Le ultime notizie che riguardano il colosso cinese Huawei e i suoi rapporti con i fornitori americani sono decisamente allarmanti e allarmistiche. Ma dietro titoli altisonanti e fin troppo drammatici si nasconde una verità più sottile e meno evidente che solo in pochi sono andati a raccontare in modo approfondito.
Il “ban” verso Huawei è stato annunciato in un periodo durante il quale il clima politico tra gli Stati Uniti e il governo cinese è al minimo da anni a questa parte, mentre si susseguivano (già da tempo) velate minacce e tangibili azioni politiche come l’innalzamento dei dazi commerciali in entrata verso occidente.
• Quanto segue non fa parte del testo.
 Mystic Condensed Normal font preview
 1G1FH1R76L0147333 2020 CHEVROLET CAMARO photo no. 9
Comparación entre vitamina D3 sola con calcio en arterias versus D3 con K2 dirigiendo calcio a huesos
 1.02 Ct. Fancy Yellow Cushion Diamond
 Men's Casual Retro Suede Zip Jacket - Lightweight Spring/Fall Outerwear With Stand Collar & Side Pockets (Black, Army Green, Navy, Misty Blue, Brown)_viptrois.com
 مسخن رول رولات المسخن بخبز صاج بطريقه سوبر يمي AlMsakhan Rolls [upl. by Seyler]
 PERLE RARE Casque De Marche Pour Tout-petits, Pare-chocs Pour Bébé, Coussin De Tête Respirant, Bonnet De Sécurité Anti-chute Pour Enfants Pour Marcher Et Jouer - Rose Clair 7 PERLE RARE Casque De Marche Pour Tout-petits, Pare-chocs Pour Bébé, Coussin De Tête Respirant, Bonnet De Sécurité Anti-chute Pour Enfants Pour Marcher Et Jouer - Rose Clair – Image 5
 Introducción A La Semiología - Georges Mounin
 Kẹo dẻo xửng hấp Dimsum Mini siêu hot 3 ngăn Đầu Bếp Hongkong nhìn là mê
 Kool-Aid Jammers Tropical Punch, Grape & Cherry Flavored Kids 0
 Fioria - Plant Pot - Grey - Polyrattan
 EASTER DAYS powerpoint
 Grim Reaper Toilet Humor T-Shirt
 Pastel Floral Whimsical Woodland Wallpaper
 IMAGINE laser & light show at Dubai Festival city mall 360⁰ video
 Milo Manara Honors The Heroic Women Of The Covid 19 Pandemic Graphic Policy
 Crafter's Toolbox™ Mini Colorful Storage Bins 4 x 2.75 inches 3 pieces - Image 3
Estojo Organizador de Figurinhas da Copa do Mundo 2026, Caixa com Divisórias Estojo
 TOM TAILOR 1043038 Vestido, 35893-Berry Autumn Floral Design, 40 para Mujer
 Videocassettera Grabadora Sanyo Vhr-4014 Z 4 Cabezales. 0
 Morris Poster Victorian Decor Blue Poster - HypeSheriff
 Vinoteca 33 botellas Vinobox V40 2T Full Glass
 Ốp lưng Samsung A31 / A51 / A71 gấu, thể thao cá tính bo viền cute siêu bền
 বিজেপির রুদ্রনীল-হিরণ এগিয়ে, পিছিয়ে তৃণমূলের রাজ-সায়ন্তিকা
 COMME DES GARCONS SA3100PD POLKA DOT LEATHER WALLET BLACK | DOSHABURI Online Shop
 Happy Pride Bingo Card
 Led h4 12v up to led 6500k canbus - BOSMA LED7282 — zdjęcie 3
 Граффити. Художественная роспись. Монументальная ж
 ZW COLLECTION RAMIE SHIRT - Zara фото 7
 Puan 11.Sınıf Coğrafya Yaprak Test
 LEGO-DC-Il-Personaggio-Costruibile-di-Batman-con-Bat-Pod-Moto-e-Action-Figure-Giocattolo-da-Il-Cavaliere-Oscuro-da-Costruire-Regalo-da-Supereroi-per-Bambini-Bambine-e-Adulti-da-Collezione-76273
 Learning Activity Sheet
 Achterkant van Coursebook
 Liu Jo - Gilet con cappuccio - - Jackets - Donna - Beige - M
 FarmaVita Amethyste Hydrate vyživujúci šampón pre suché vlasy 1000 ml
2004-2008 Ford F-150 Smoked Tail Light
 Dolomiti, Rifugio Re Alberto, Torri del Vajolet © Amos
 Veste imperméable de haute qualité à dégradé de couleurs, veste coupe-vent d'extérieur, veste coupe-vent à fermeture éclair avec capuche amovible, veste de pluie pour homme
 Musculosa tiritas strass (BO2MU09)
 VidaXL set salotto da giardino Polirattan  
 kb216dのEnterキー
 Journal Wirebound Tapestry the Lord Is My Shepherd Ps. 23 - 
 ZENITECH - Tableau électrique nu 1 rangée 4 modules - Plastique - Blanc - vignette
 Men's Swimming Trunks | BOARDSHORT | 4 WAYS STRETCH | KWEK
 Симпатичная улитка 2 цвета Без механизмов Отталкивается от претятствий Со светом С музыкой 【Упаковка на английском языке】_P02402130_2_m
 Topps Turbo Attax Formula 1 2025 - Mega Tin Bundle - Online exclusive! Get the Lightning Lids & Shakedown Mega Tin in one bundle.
In questa situazione, ognuna delle parti in gioco sta cercando di mostrare all’avversario quali sono le carte nel proprio mazzo in una sorta di poker politico-commerciale. Come uno a ricordare all’altro cosa potrebbe perdere in caso di chiusura totale dei rapporti. E se gli americani, da parte loro, hanno tutta quella parte di “silicon valley” che per decenni è stata gallina dalle uova d’oro del loro PIL, è anche grazie e soprattutto una forza lavoro prettamente intellettuale, al contrario della potenza industriale e produttiva orientale.
La mossa americana
La mossa americana ha avuto un clamore senza precedenti in questo mondo, una vera e propria bomba mediatica che sta monopolizzando le discussioni tra addetti ai lavori, social network e prime pagine dei giornali. In buona sostanza tutti, ma proprio tutti ne hanno sentito almeno parlare.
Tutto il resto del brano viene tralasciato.